- Born: May 27, 1912
- Died: November 15, 1999 (aged 87)
- Known for: Coined the term "nano-technology"
- Awards: European Society for Precision Engineering and Nanotechnology Lifetime Achievement Award
- Scientific career
- Workplaces: Tokyo University of Science

= Norio Taniguchi =

Japanese scientist (1912–1999)

Norio Taniguchi (谷口 紀男, Taniguchi Norio) was a professor of Tokyo University of Science. He coined the term nano-technology in 1974 to describe semiconductor processes such as thin film deposition and ion beam milling exhibiting characteristic control on the order of a nanometer: nano-technology "mainly consists of the processing of separation, consolidation, and deformation of materials by one atom or one molecule."

Taniguchi started his research on abrasive mechanisms of high precision machining of hard and brittle materials.

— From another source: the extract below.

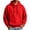 Red_007, variant on Domuza Mens Hoodie Long Sleeve Hooded Sweatshirt Casual Basic Essential Drawstring Pullover Hoodie With Pocket - Camel XL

At Tokyo University of Science, he went on to pioneer the application of energy beam techniques to ultra precision materials processing; these included electro discharge, microwave, electron beam, photon (laser) and ion beams.

He studied the developments in machining techniques from 1940 until the early 1970s and predicted correctly that by the late 1980s, techniques would have evolved to a degree that dimensional accuracies of better than 100 nm would be achievable.

== Recognition ==
The European Society for Precision Engineering and Nanotechnology presented Professor Taniguchi with its 1st Lifetime Achievement Award in Bremen, May 1999.

The citation on Professor Taniguchi's award read:
In recognition of his unique and outstanding contributions to research and development in the ultra precision materials processing technologies and in 1974, being the first to formulate and use the term Nanotechnology. Through his vision, writings and example of total dedication to his field of endeavour he has stimulated the development of what will be one of the dominant technologies of the 21st Century.